To digress further, for a moment:

Best friends can be as much powder-keg as treasure in childhood. From a child's perspective, Missy stands as the Doctor's best or oldest friend. There is a great deal of complex history between them (all the more potent when 'she' was the only other Time-lord who had apparently survived the Fall of Gallifrey) their friendship one of slights and bullying, and of truces held in the face of greater adversity. In modern vernacular I'd say the term Frenemies (first coined 1953) best fits their relationship. And whilst one can read their canonical relationship symbolically, relating it to warfare in school playgrounds exploded out onto a near-immortal and intergalactic scale, I'd say there are more overt shades of sibling rivalry in how they're written. A recent caveat to that, of course, is Missy's retort to Clara in a town square (The Magician’s Apprentice) where she likens herself and the Doctor to a promenading couple, with Clara as their bitch dog. Given Missy was ambivalent, at best, about Clara's life I do rather wonder what Bill Potts’s fate might be, subsequent to her meeting Missy.

The opening scenes of this episode, set 'A Long Time Ago' (in the best tradition of fairy tale narratives) take place on a world which invokes medievalism as much as it does the Stargate universe, thanks to C.G.I (unless that magnificent castle on the cliff top is real) and costume design. Missy is brought to this place of execution under the watchful gaze of the Doctor, who is then meant to watch over her body for a thousand years - her Quantum Fold Chamber designed as sarcophagus, not prison cell. All dolled up in Victorian dress (or is that Edwardian?) with arched eyebrow and a perfect coiffure, Missy truly believes she is about to be executed like a cast-off wife of Henry VIII, even if the props department haven't built a chopping block for her to place her head upon.
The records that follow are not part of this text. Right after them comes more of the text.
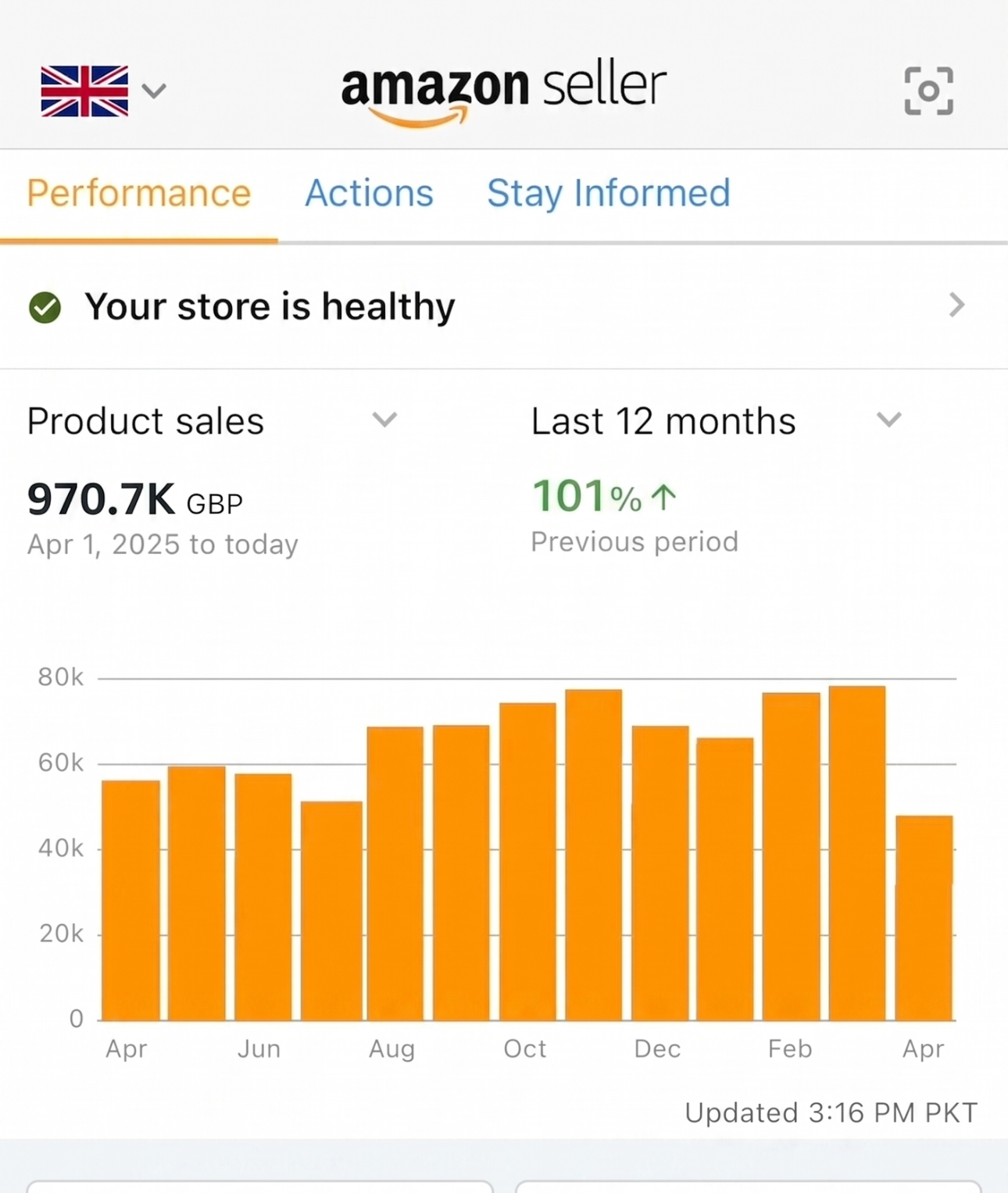 Amazon PPC campaign results dashboard for an Adtoprofit client, example 34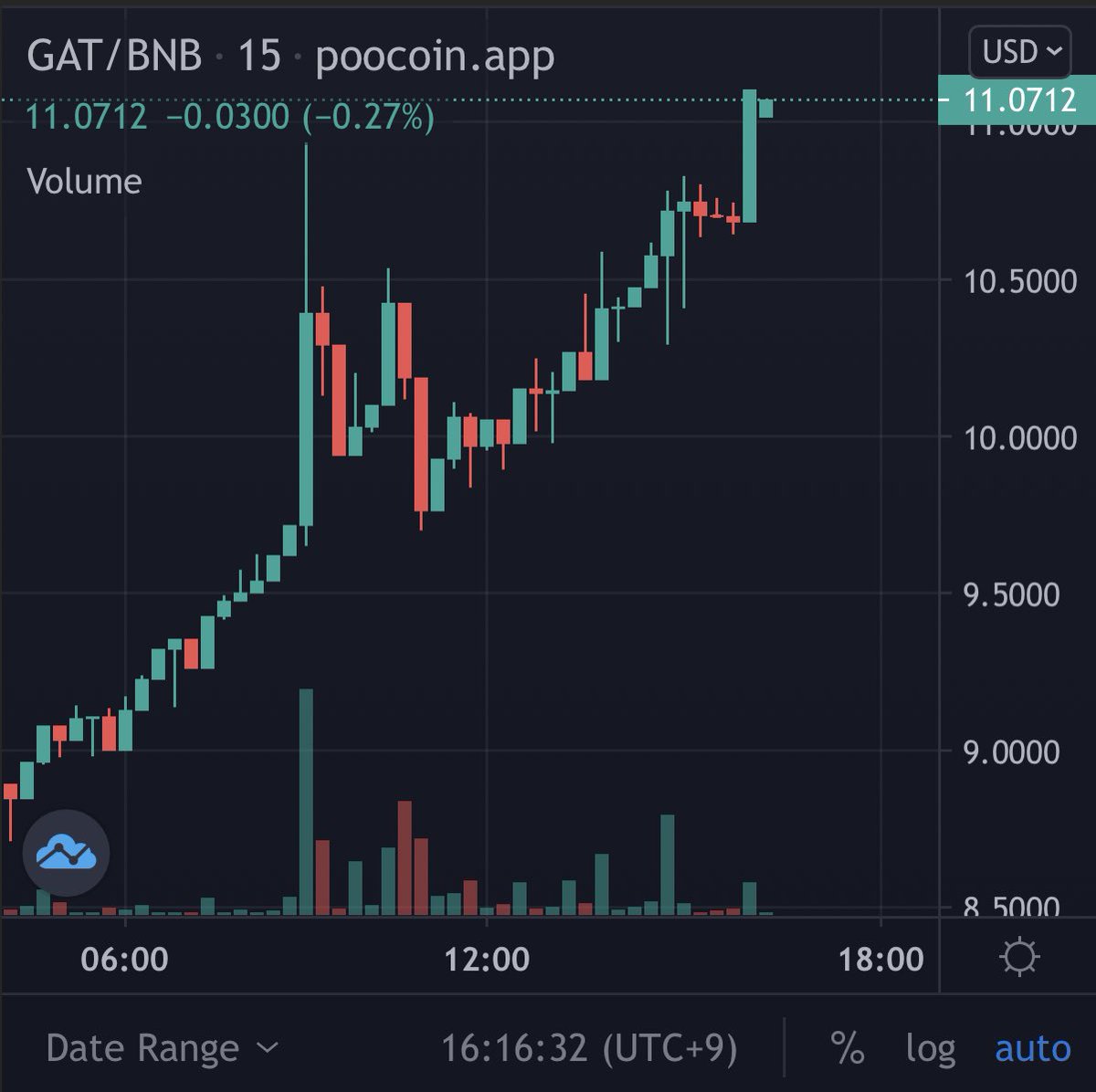 aba_fxcrypto's tweet photo. $GAT #GameAceToken
-----
$SOL $GAME $XRP $AXS $BNB
#BINANCE #BTC #ビットコイン #仮想通貨 #バイナンス #投資 #資産運用 #投資信託 #株式投資 #NISA #お金の勉強 #FX #為替 #先物 #ダウ #アルトコイン #MEXCGlobal https://t.co/RTgsbh7Kjg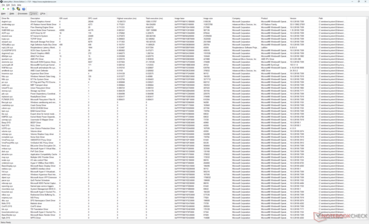 Sürücüler listesi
In the hour of Missy’s doom; standing next to her in silent judgement - yet also in friendship- is the Doctor. Missy may be evil (although the reading offered in this episode alone probably fits a definition of naughty or selfish just as well) but facing her final death she invokes centuries of friendship, and that invocation is answered. Later, lost in the dark, robbed of his sight, it is to Missy that the Doctor turns. The as yet unseen consequences of that choice taunt, as the episode credits roll. In Who canon (and possibly through the entirety of this series) if the Master is selfish, rather than simply cartoonishly evil, then the Doctor is an altruist. The moral thread (and/or plot arc) which may knit this episode to those which follow is, undoubtedly, the prayer uttered by Nardole, high priest of the late River Song. He appears quoting her sacred text, or diary:

"Good is good in the final hour, in the deepest pit without hope, without witness, without reward. Virtue is only virtue in extremis. This is what he believes and this is the reason, above all, I love him. My husband. My madman in a box. My Doctor."

River's words wind through this episode. Spoken first by Nardole, repeated by the Doctor, then finally spoken with sincerity by Missy as she kneels to face execution, they are enough of a litany that I wonder if they'll re-appear later in the series - If River's words will prove to be a catalyst for Missy's motivations and actions.

Whilst Extremis is primarily an action adventure which proceeds at a cracking pace, it has as many layers (textually and subtextually) as the alien monks virtual world has locales. This layering and subtextual enriching of an episode is a feature of Steven Moffat's work in the Whoniverse, at times albeit with varying success. Extremis may not be as brilliant as Blink, or Heaven Sent, but it's probably my favourite episode of this series so far.

Acting-wise Pearl Mackie and Matt Lucas continue to have really nice chemistry, coupled with cracking banter. They also have really good comic timing. Rather than evoking the days of Rose Tyler and Captain Jack Harkness, I'm reminded of Harry Sullivan (Ian Marter) and Sarah Jane Smith (Elizabeth Sladen) caught up in dangerous escapades alongside the Fourth Doctor, Tom Baker.



A gem of an episode.

Notes:

* When this was written I hadn't watched past the episode in question and, when editing, still had not watched the two part series finale. Thus, all suppositions (as to the end of Series 10) are framed in that moment in 2017 broadcast time.